Mastering directories

Learning Python and SAS | 01 October 2018

Say we are doing some data analysis. And our project directory has two folders that contains code and inputs: code and data.

We want to read data from the data folder, run code from the code folder, and output our analysis results with plots in .png and analysis in .txt files.

Name In/Out
code the file
data input
images output
analysis output

Mastering paths allows us to make our code portable and less error prone.

What portable means that whoever receives our code and files can run it on their computer without running into errors. They do not have to update folder path names in the code.

1. Create directory

When we run a lot of analysis, we can automate creating the directories. os.path.exists returns True/False given whether the folder in question exists or not. os.path.exists goes ahead with making the folder if it is not there.

codecreate directory.py
In [1]: import os
   ...: os.mkdir('demo')
   ...: folder_list=['code','data','images','analysis']
   ...: def makedir(folder):
   ...:     if not os.path.exists(folder):
   ...:         os.mkdir(folder)
   ...: for folder in folder_list:
   ...:     makedir('demo/'+folder)
   ...: os.listdir('demo/')
   ...:
Out[1]: ['analysis', 'code', 'data', 'images']

If we happen to have an old folder with the same name, we need to remove it first. Otherwise the above will run into errors.

coderemove directory.py
import shutil
shutil.rmtree('demo', ignore_errors=True)

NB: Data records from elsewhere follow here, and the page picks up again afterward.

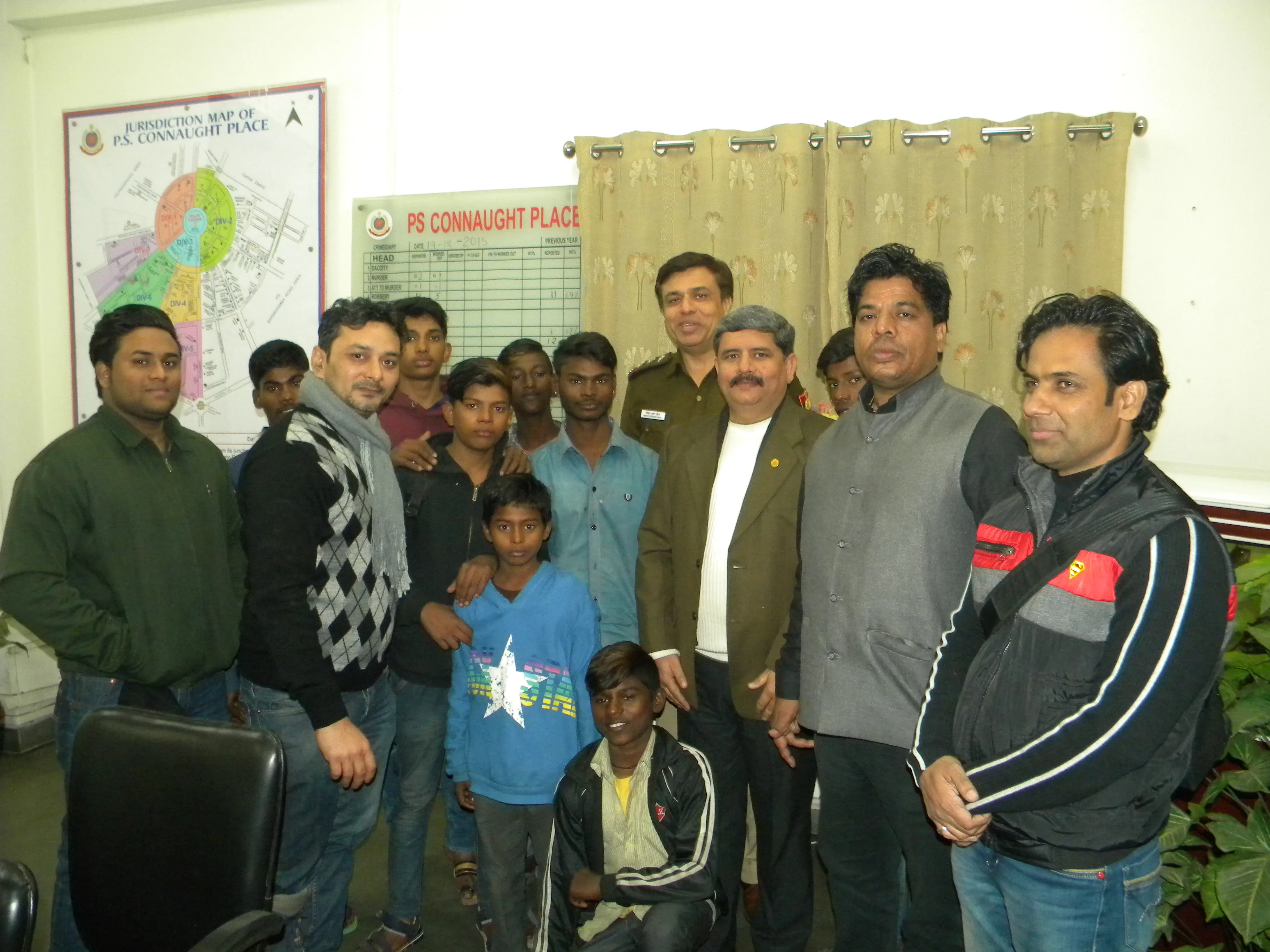 SHO CONNAUGHT PLACE MUKESH WALIA HONORED BY ROSHNI SUN LIFE FOUNDATION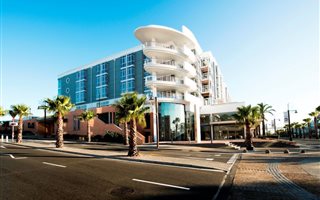 2 Bedroom Apartment in Waterfront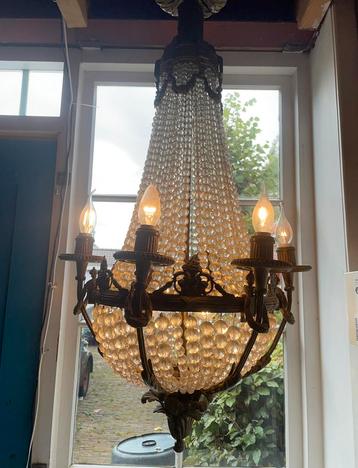 Antieke kristallen,-bronzen -zakkroonluchter beschikbaar voor biedingen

2. Access directory, content and change directory

When we need to know where we are, use os.getcwd(). To change that, use os.chdir() with full path as the parameter or use “./” with relative path.

os.path.getsize gives the size of a file (not folder).

codelearn_path.py

In [2]: os.getcwd()
Out[2]: 'C:\\Users\\sache'

In [3]: os.chdir('demo')

In [4]: os.getcwd()
Out[4]: 'C:\\Users\\sache\\demo'

In [5]: os.listdir()
Out[5]: ['analysis', 'code', 'data', 'images']

3. Move files to where we want

Now we have set up the folder structure, we need to get the input files, some of which may come from another folder. os.getcwd(). To change that, use os.chdir() with full path as the parameter or use “./” with relative path.

os.path.getsize gives the size of foler. Because we just created the folder, it has size 0.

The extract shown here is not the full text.